MCS-48: The quest for 16-bit division on the 8-bit CPU which can’t divide anything

Recently while working on my MCS-48 temperature sensor project I had to confront one of the largest challenges, which is to implement an option where changing a jumper displayed Fahrenheit instead of Celsius. The output from the DS18B10 temperature sensors is Celsius only, as it should be, so a conversion would need to be performed.

$Fahrenheit = \frac{Celsius\times 9}{5} + 32$

A quick reminder of the conversion needed to be performed

In my case it’s +320 as I’m using fixed point arithmetic i.e. 15.3° = 153. This is a tough conversion to perform on an MCS-48 as a slew of different operations are required:

16-bit negate (more about that below)
16-bit unsigned multiply
16-bit unsigned divide
16-bit add with wrap-around

A tall order for a CPU which has just one math instruction: 8-bit add. To perform all of this, one must sling a long sequence of primitive instructions together. Since this is an assembly language only architecture, I couldn’t cheat by compiling it in C and pinching the resulting instructions as I have done for PIC16 in the past.

Edit: Since publishing this a cornucopia of different approaches to this problem have been proposed to me. More about a couple of those at the end of the article. I’m happy with implementation as it currently stands. It works, it makes very efficient use of program memory, the improved performance is not required, and the above math routines are re-used for other tasks in the project.

The best place to find such examples is in the MCS-48 assembly language manual:

(A scan of it can be viewed here). Everything I needed was in there, except how to divide. There is no mention whatsoever in that manual of how to perform any kind of division operation, but, tacked in the back of the 1980 edition MCS-48 handbook, I found this:

Woohoo! A working divide routine for MCS-48. It wouldn’t OCR, so I typed it up.

Unfortunately that routine only has an 8-bit quotient, which isn’t much use for my application because it would overflow in most cases.

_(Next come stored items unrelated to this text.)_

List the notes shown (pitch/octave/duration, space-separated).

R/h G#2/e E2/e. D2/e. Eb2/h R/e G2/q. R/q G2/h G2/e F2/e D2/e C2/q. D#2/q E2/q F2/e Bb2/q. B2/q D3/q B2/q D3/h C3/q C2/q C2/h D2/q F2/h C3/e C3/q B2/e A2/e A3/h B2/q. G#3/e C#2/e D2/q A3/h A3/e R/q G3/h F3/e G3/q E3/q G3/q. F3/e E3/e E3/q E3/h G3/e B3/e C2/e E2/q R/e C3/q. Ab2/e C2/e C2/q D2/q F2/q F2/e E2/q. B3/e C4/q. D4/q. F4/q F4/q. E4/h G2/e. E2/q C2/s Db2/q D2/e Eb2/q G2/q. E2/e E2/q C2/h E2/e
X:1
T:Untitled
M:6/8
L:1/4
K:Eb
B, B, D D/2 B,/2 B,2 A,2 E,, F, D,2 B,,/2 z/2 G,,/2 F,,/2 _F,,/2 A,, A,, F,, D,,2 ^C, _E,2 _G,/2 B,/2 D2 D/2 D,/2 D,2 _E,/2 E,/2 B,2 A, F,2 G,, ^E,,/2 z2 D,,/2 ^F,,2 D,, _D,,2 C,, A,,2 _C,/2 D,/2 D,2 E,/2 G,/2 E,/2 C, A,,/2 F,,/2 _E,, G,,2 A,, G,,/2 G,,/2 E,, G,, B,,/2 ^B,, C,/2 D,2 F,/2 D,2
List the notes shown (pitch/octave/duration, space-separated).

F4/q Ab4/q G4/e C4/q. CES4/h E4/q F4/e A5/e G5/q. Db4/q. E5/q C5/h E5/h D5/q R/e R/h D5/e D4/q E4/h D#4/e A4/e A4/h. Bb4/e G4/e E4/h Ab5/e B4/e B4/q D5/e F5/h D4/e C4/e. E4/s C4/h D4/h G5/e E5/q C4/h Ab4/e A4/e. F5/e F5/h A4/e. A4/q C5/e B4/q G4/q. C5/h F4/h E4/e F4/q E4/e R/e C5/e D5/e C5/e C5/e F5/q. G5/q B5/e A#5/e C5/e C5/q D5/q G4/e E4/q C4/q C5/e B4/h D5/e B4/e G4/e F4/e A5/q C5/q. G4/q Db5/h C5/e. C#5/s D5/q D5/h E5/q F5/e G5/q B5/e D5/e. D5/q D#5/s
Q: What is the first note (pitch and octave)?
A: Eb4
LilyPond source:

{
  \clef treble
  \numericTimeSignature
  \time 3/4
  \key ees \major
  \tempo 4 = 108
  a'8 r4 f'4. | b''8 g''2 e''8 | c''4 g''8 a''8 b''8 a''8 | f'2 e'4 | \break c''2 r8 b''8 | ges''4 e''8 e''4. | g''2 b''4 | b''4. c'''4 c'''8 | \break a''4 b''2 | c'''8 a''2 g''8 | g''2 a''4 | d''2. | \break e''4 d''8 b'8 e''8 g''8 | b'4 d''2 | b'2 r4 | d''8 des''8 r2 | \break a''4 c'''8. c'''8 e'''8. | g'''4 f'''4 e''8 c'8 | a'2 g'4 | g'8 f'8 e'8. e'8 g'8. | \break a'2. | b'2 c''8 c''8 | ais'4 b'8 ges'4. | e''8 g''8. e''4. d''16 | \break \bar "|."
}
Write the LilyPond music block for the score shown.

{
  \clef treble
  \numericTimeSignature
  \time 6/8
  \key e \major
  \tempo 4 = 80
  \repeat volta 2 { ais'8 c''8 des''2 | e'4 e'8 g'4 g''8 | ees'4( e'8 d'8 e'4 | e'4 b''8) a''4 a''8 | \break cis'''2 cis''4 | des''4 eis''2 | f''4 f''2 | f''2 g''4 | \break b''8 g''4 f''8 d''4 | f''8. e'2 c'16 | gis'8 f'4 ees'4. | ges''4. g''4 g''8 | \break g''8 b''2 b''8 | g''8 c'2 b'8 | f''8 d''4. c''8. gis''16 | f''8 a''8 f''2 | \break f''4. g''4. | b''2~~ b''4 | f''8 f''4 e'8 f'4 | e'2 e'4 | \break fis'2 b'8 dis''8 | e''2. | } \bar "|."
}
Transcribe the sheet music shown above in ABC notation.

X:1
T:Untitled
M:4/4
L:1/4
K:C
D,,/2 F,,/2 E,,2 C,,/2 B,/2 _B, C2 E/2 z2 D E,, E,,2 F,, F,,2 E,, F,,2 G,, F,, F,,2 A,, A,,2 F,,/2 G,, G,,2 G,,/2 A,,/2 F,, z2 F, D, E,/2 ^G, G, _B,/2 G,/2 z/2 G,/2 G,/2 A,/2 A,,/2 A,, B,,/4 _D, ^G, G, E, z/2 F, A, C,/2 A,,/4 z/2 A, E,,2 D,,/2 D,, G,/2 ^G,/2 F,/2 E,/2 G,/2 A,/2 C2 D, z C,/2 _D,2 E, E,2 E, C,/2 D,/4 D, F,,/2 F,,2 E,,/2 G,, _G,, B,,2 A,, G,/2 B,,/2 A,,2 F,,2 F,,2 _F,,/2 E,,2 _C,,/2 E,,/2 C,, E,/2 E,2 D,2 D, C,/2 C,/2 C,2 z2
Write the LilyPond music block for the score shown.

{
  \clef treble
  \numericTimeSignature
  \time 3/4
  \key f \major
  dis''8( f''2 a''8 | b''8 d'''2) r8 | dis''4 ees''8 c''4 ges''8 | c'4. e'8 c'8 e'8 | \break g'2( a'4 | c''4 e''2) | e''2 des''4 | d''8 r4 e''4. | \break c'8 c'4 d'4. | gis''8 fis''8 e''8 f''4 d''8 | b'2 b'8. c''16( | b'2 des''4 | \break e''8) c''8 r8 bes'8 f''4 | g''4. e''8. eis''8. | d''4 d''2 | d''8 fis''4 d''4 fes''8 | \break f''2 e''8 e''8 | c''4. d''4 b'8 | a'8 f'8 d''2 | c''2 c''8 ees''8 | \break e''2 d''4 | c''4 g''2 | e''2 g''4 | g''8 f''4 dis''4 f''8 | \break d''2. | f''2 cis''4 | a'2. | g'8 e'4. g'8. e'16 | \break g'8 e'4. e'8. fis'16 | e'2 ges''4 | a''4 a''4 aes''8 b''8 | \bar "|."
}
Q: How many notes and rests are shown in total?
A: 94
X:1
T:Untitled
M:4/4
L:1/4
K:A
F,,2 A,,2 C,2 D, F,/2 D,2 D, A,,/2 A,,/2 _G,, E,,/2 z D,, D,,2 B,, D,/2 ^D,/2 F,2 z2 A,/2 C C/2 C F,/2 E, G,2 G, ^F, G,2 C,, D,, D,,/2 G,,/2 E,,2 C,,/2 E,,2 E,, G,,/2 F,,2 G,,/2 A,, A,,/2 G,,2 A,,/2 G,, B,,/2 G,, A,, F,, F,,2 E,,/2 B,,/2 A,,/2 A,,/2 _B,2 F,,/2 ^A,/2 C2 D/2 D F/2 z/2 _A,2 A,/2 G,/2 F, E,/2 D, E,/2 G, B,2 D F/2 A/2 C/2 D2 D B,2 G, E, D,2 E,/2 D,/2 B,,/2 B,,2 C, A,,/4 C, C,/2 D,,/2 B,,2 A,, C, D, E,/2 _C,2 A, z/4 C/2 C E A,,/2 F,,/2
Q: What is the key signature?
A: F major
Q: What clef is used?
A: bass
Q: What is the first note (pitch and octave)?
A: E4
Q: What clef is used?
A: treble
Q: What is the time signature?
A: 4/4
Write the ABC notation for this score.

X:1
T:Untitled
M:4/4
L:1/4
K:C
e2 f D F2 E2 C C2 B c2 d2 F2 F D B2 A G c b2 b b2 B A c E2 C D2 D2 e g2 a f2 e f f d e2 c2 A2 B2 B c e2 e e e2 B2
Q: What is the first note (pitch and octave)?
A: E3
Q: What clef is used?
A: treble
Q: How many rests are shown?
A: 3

I was easily able to work around that with the following implementation (pseudo code):

if (celsius < 0)
{   // If negative, note it, and make it positive
    // so we can work with simpler unsigned routines below
    celsius = -celsius;
    is_negative = 1;
}

fahrenheit = multiply_16x8r16(celsius, 9);

// Divide by 50 so the result of divide_16x8r8 doesn't overflow
fahrenheit = divide_16x8r8(fahrenheit, 50, &remainder);

// Multiply it back up
fahrenheit = multiply_16x8r16(fahrenheit, 10);

// Factor remainder
remainder = multiply_16x8r16(remainder, 10);

// Divide and add remainder
fahrenheit += divide_16x8r8(remainder, 50, NULL);

if (is_negative)
{   // Make it negative again, if it was previously
    celsius = -celsius;
}

// Add 32. Requires a 16-bit add with wrap around to
// correctly handle negative temperatures
fahrenheit += 320

While that does the job, it’s poo poo. What I really want is that complicated looking divide routine to have a 16-bit quotient, so I can do the division in a single operation. To help me understand it, I translated it to C code:

uint8_t mcs48_divide(uint16_t dividend, uint8_t divisor, uint8_t *remainder)
{
    if ((dividend >> 8) >= divisor)
        goto mcs48_div_exit; // Impossible. Result would
                             // overflow. Bail.

    for (int i = 0; i < 8; i++) // One pass for each bit of result
    {
        uint8_t msb;
        uint8_t bit15_was_set = 0;

        if (dividend & 0x8000)
            bit15_was_set = 1; // Note if this was set,

        dividend <<= 1; // Next bit

        msb = (dividend >> 8);
        if (msb >= divisor || bit15_was_set)
        {
            // Subtract remainder from MSB,
            // preserve and increment quotient
            dividend = (((msb - divisor) << 8) | (dividend & 0xFF)) + 1;
        }
    }

mcs48_div_exit:
    *remainder = (dividend >> 8);
    return (dividend & 0xFF);
}

It’s immediately clear that it’s a binary division implementation. What wasn’t immediately clear is how to make the change I wanted. I put the question to stack overflow, and on the face of it, it looked like a dumb question, i.e. just double the integer type sizes, stupid. predictably I got punished with a bunch of down-votes.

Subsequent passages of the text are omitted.